ACTIVITY:
Of the entries below, return only those lines from the line with "French door pair - french, external" to the line with "Ver mais imagens", exactly, both included.

ENTRIES SUPPLIED:
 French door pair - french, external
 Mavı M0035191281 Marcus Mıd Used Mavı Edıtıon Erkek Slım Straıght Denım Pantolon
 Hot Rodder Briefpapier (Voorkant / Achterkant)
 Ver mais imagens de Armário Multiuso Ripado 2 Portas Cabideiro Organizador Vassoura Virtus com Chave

* * *

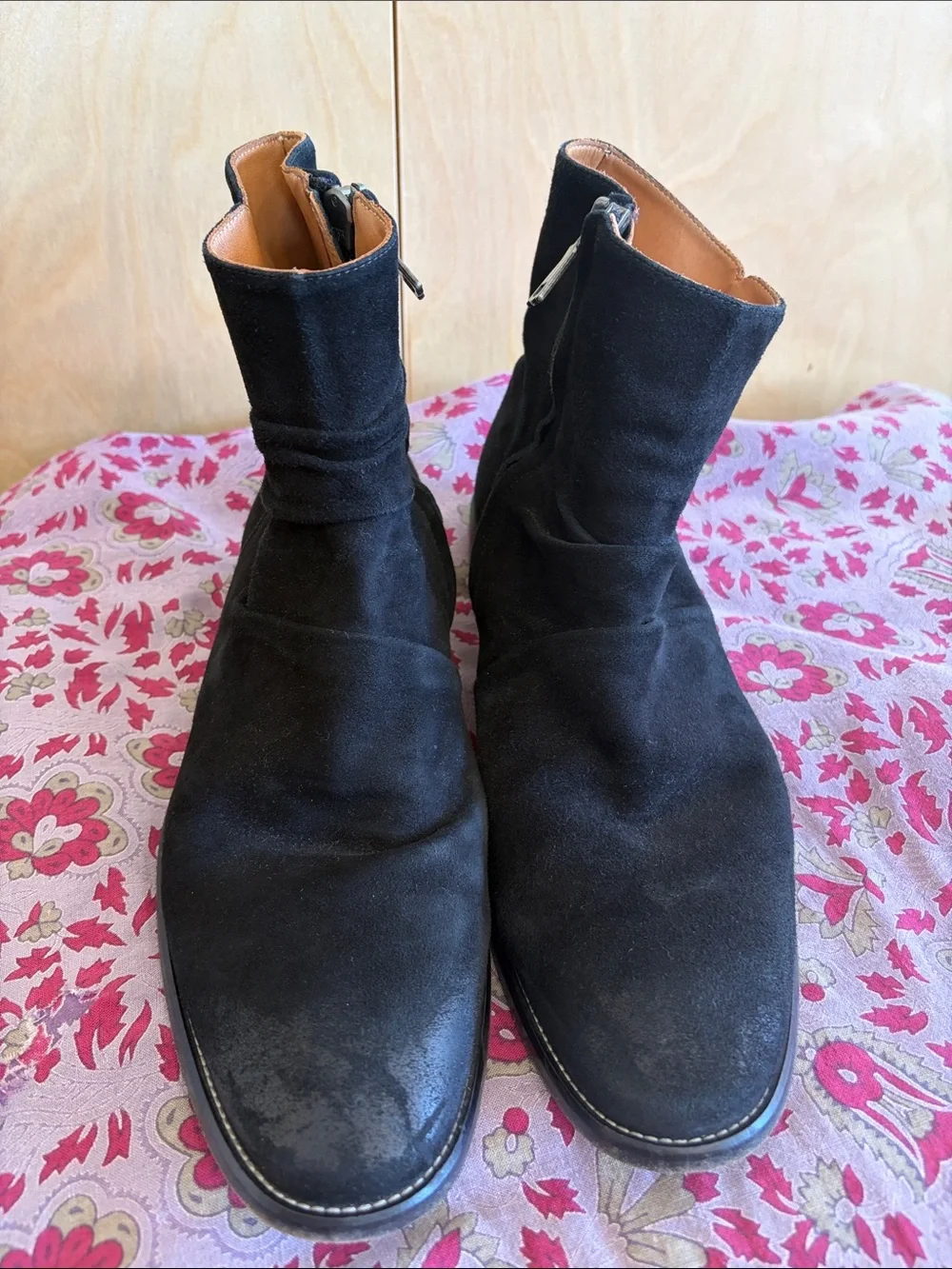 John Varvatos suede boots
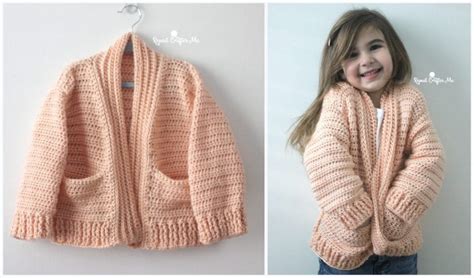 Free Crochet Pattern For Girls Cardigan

REPLY TO THE TASK:
 French door pair - french, external
 Mavı M0035191281 Marcus Mıd Used Mavı Edıtıon Erkek Slım Straıght Denım Pantolon
 Hot Rodder Briefpapier (Voorkant / Achterkant)
 Ver mais imagens de Armário Multiuso Ripado 2 Portas Cabideiro Organizador Vassoura Virtus com Chave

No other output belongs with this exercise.